Remy, qui avait écouté ces paroles, se leva lentement et vint droit à sa maîtresse.
« Vous m'abandonnez ? dit-il d'une voix sombre.
- Pour Dieu, répliqua Diane en levant vers le ciel sa main pâle et amaigrie comme celle de la sublime Madeleine.
- C'est vrai ! répondit Remy en laissant retomber sa tête sur sa poitrine ; c'est vrai ! »
Et comme Diane abaissait sa main, il la prit de ses deux bras, l'étreignit sur sa poitrine comme il eût fait de la relique d'une sainte.
« Oh ! que suis-je auprès de ces deux coeurs ? soupira le jeune homme avec le frisson de l'épouvante.
- Vous êtes, répondit Diane, la seule créature humaine sur laquelle j'ai attaché deux fois mes yeux depuis que j'ai condamné mes yeux à se fermer à jamais. »
Henri s'agenouilla.
« Merci, madame, dit-il, vous venez de vous révéler à moi tout entière ; merci, je vois clairement ma destinée : à partir de cette heure, plus un mot de ma bouche, plus une aspiration de mon coeur ne trahiront en moi celui qui vous aimait. Vous êtes au Seigneur, madame, je ne suis point jaloux de Dieu. »

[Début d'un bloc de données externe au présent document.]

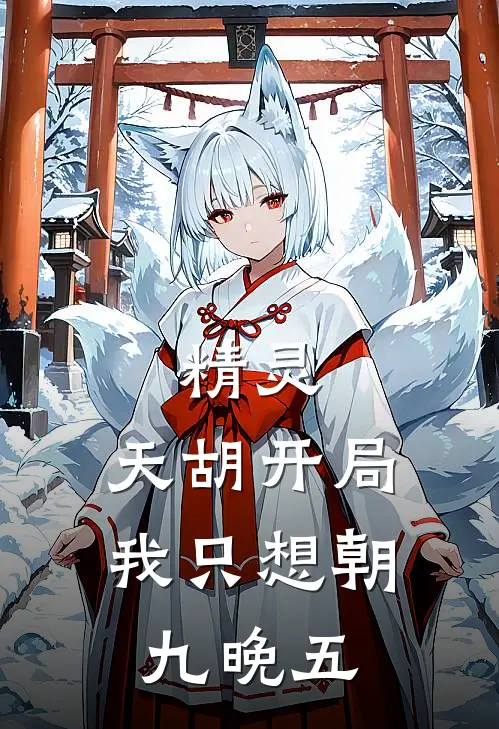 精灵：天胡开局，我只想朝九晚五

Il venait d'achever ces paroles et se relevait pénétré de ce charme régénérateur qui accompagne toute grande et immuable résolution, quand, dans la plaine encore couverte de vapeurs qui allaient s'éclaircissant d'instants en instants, retentit un bruit de trompettes lointaines.
Les gendarmes sautèrent sur leurs armes, et furent à cheval avant le commandement.
Henri écoutait.
« Messieurs, messieurs ! s'écria-t-il, ce sont les trompettes de l'amiral je les reconnais, je les reconnais ; mon Dieu. Seigneur ! puissent-elles m'annoncer mon frère !
- Vous voyez bien que vous souhaitez encore quelque chose, lui dit Diane, et que vous aimez encore quelqu'un ; pourquoi donc choisiriez-vous le désespoir, enfant, comme ceux qui ne désirent plus rien, comme ceux qui n'aiment plus personne ?
- Un cheval ! s'écria Henri, qu'on me prête un cheval.
- Mais par où sortirez-vous ? demanda l'enseigne, puisque l'eau nous environne de tous côtés ?
- Mais vous voyez bien que la plaine est praticable ; vous voyez bien qu'ils marchent, eux, puisque leurs trompettes sonnent.
- Montez en haut de la chaussée, monsieur le comte, répondit l'enseigne, le temps s'éclaircit et peut-être pourrez-vous voir.
- J'y vais », dit le jeune homme.
Henri s'avança en effet vers l'éminence désignée par l'enseigne, les trompettes sonnaient toujours par intervalles, sans se rapprocher ni s'éloigner.
Remy avait repris sa place auprès de Diane.